# What is required
Would you reproduce exactly, and only, the lines starting at the one with "fanfun. SoftBank 815T「藤井フミヤ モデル」はオトナの携帯!? 画像" and ending at the last line of the data, with both included? Leave the pictures out.

# Data provided
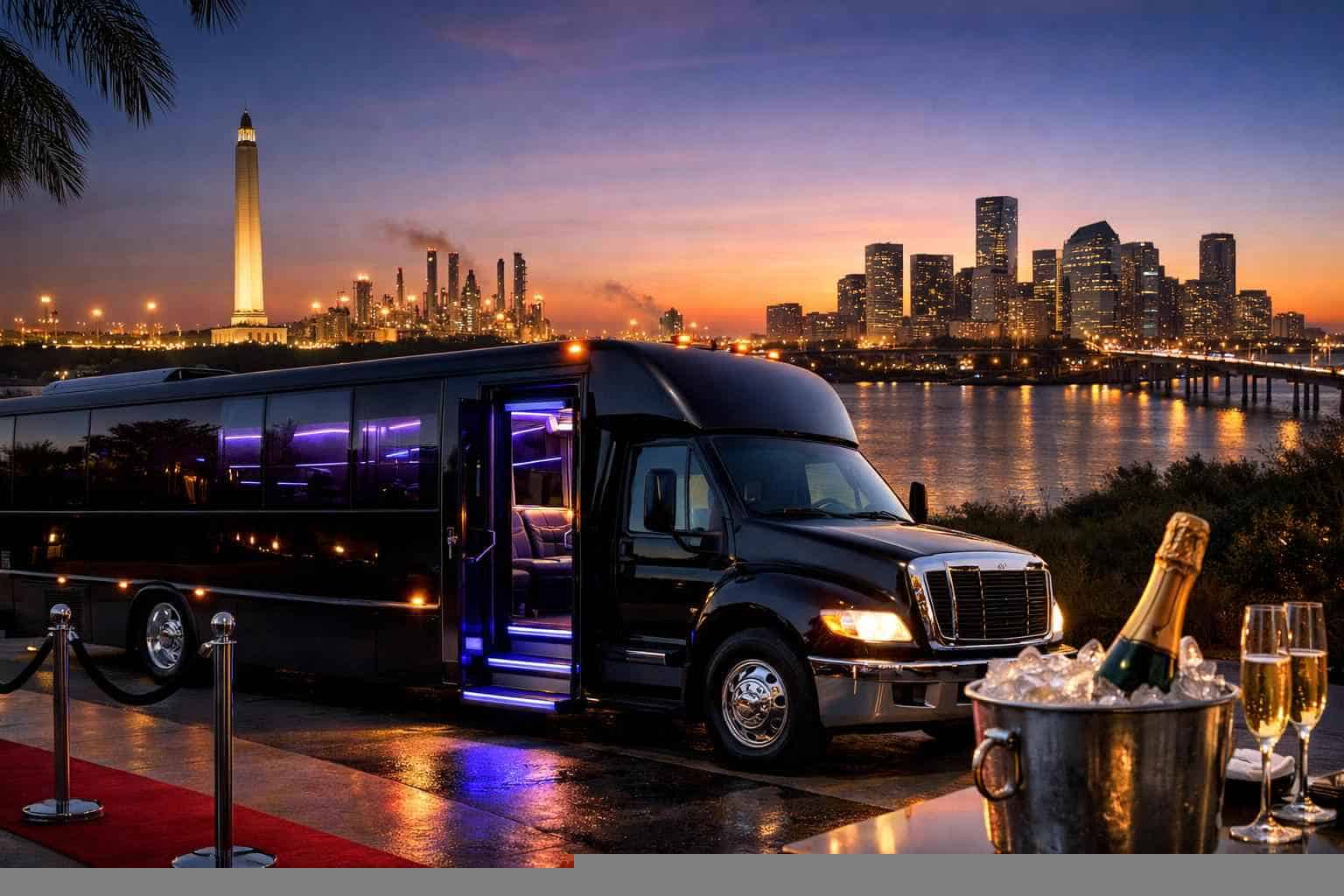 Party Bus Rental Texas City TX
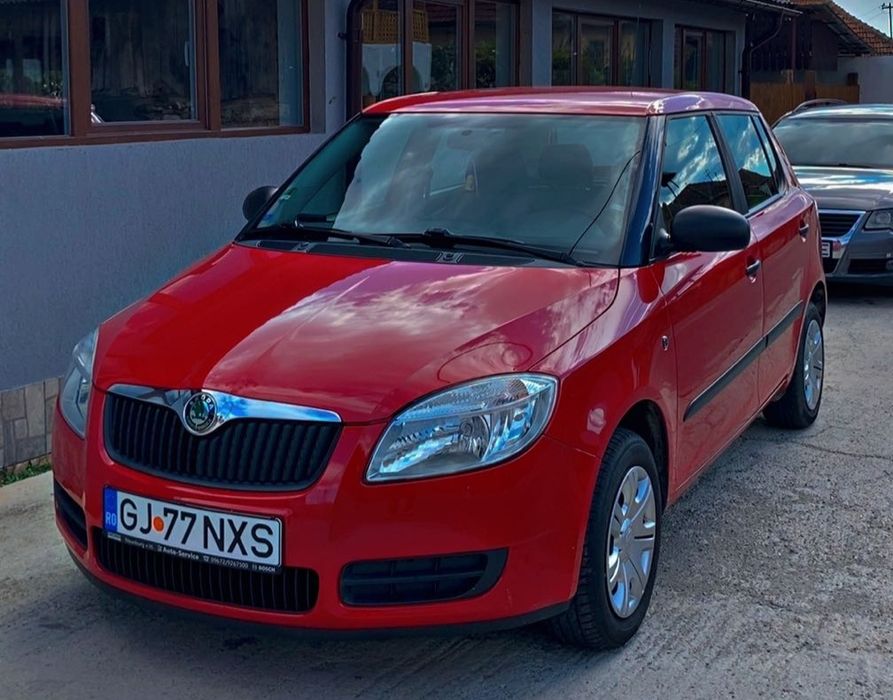 Skoda Fabia II 2010 1.2 HTP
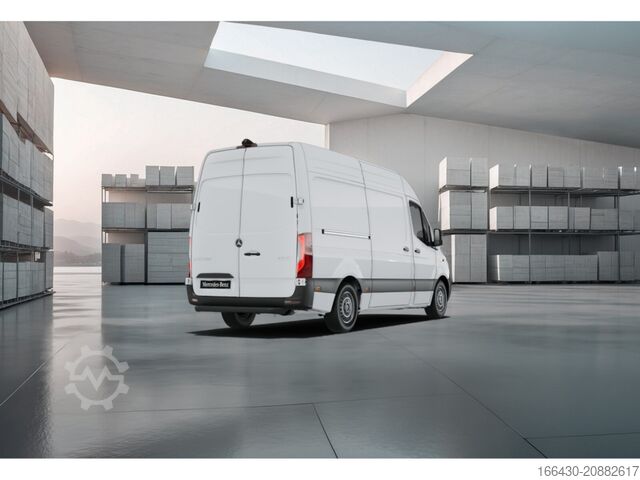 Furgoneta de caja alta Mercedes-Benz Sprinter 317 CDI Kasten Pro L2H2 Holz Navi Ka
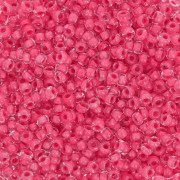 Perla Preciosa 11/0 2 mm - Terra Intensive - Pink Lined x20g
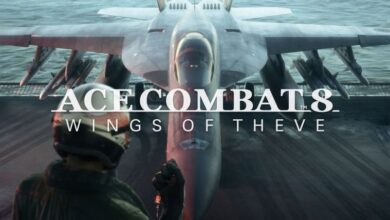 Ace Combat 8 Wings of Theve Announced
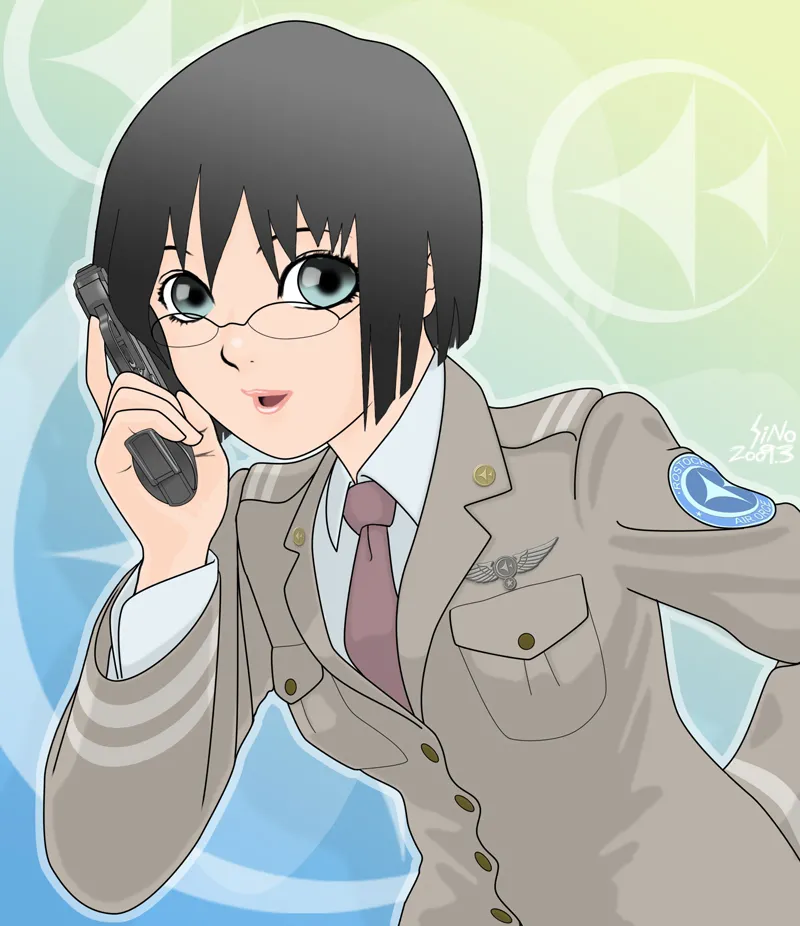 武装军服女子 Page.39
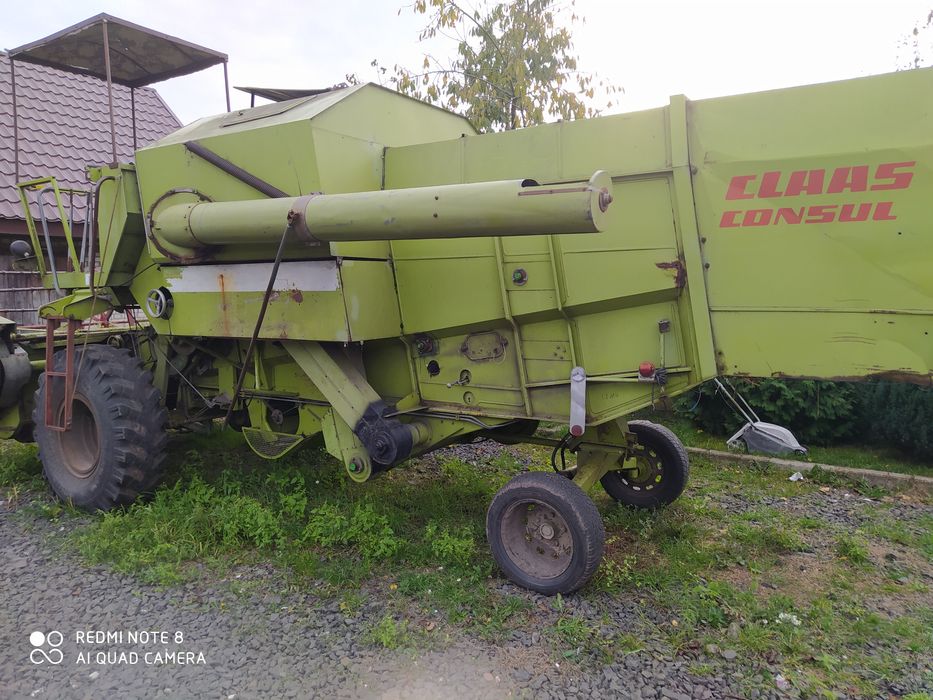 Продам комбайн класс консул в робочому стані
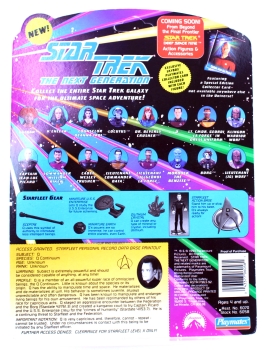 Star Trek The next Generation: Space. The Final Frontier Actionfigur "Q" von Playmates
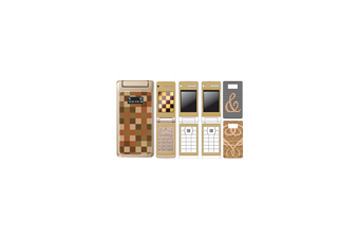 fanfun. SoftBank 815T「藤井フミヤ モデル」はオトナの携帯!? 画像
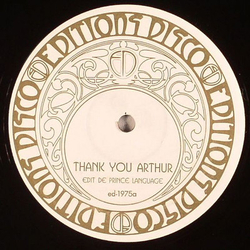 Dinosaur L / Edwin Birdsong Thank You Arthur / Lollipop Vinyl 12" USED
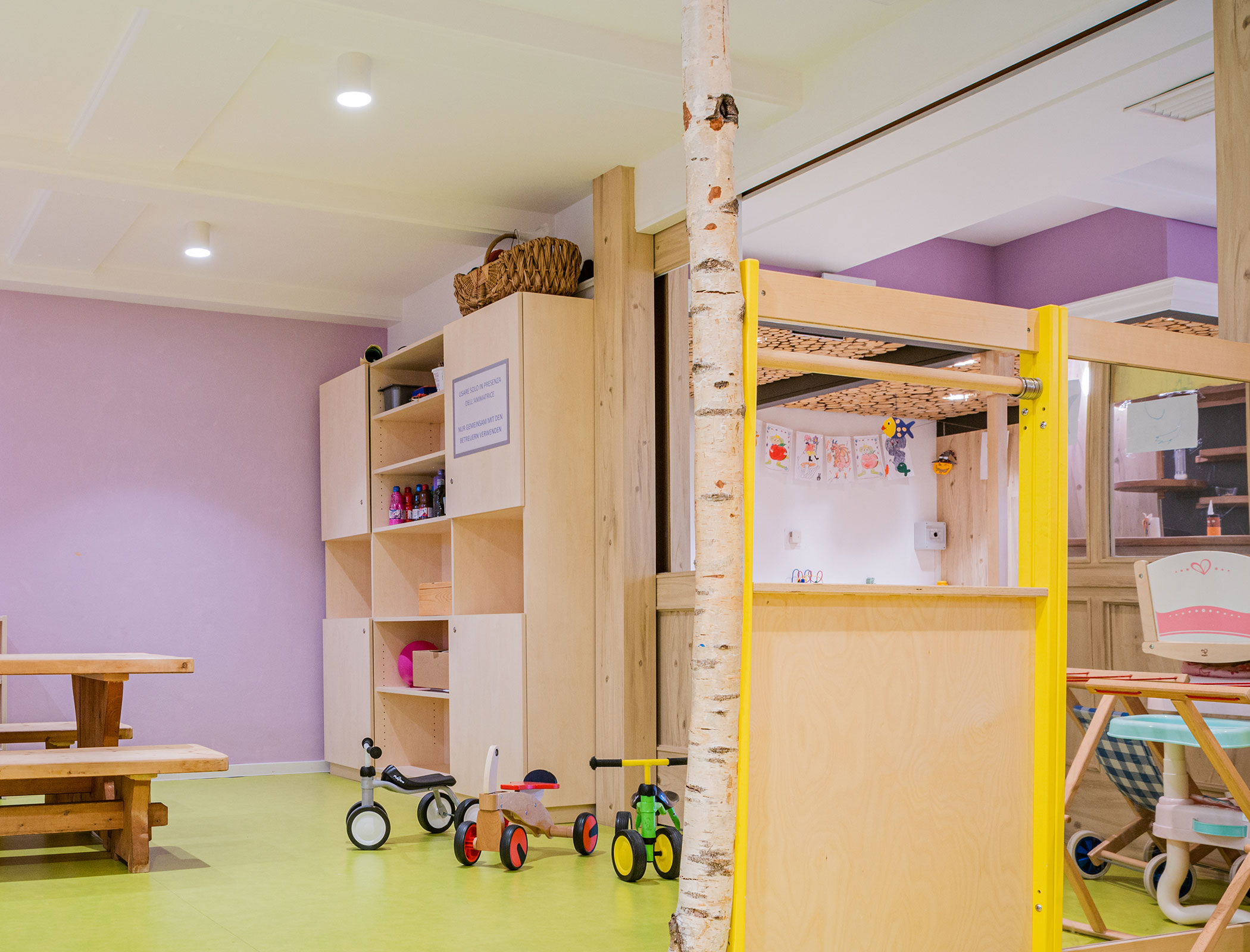 Playroom for children - Hotel Fameli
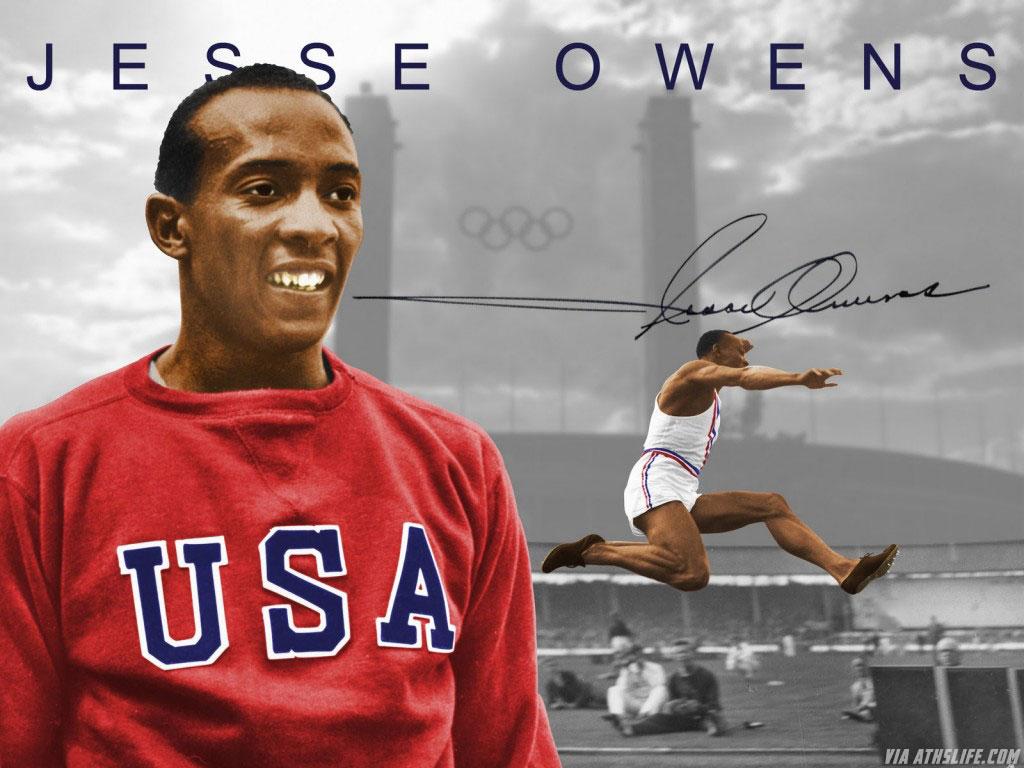79 years ago, Jesse Owens made history and won his first Olympic GOLD MEDAL!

# Solution to this task
 fanfun. SoftBank 815T「藤井フミヤ モデル」はオトナの携帯!? 画像
 Dinosaur L / Edwin Birdsong Thank You Arthur / Lollipop Vinyl 12" USED
 Playroom for children - Hotel Fameli
79 years ago, Jesse Owens made history and won his first Olympic GOLD MEDAL!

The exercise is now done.